Exercise:
Exactly as they appear, output all of the records. Skip any images.
-- Material for this exercise follows --
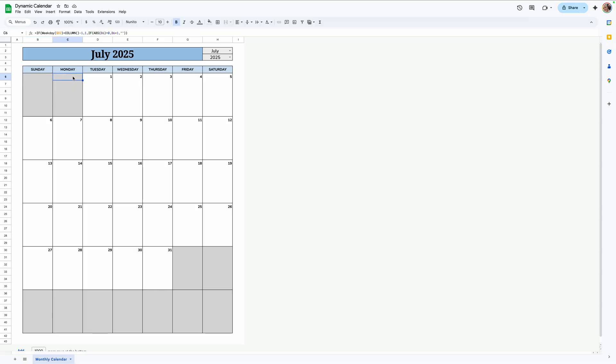Today I'm going to be showing you how to make a dynamic calendar that changes when you choose the month and the year.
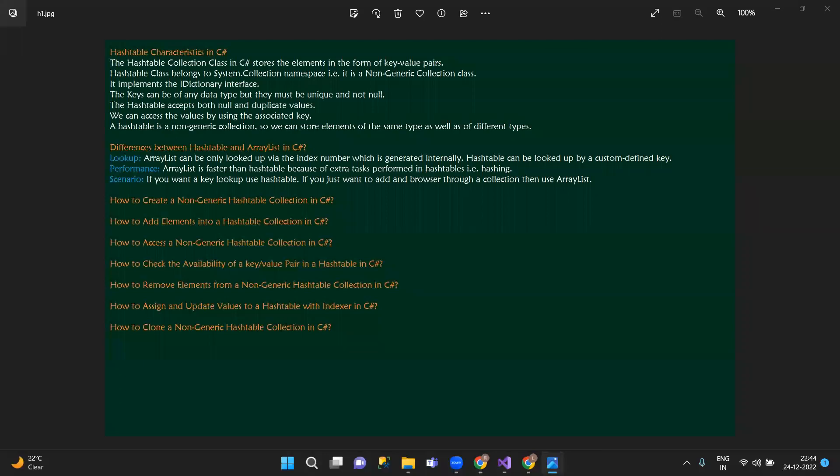Hello everyone, welcome to HashTable. In HashTable, we have key-value pairs. In the array list we also have key-value pairs, but in the hash table the keys are treated as hash codes in the array.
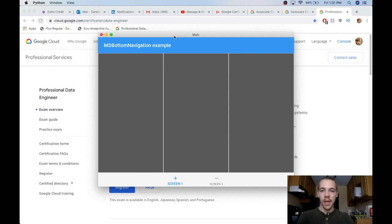Hi there. Today we're going to cover the MD Bottom Navigation widget from the KivyMD package. I've got an example right here on the screen so we can see what it looks like.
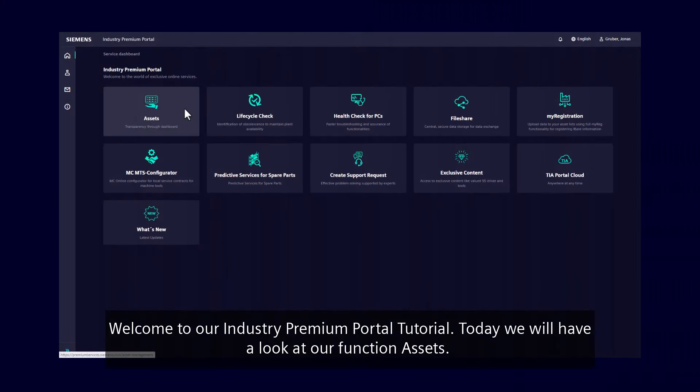Welcome to our Industry Premium Portal tutorial. Today, we will have a look at our function Assets.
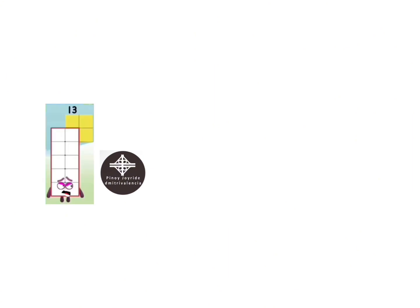Dimitri Valencia, how dare you ground number blocks 7, 8, 9, 10, 11, and 12. That's it. You are grounded for 130 months. Go to bed now.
-- Material for this exercise concluded --
Result of this task:
Today I'm going to be showing you how to make a dynamic calendar that changes when you choose the month and the year.
Hello everyone, welcome to HashTable. In HashTable, we have key-value pairs. In the array list we also have key-value pairs, but in the hash table the keys are treated as hash codes in the array.
Hi there. Today we're going to cover the MD Bottom Navigation widget from the KivyMD package. I've got an example right here on the screen so we can see what it looks like.
Welcome to our Industry Premium Portal tutorial. Today, we will have a look at our function Assets.
Dimitri Valencia, how dare you ground number blocks 7, 8, 9, 10, 11, and 12. That's it. You are grounded for 130 months. Go to bed now.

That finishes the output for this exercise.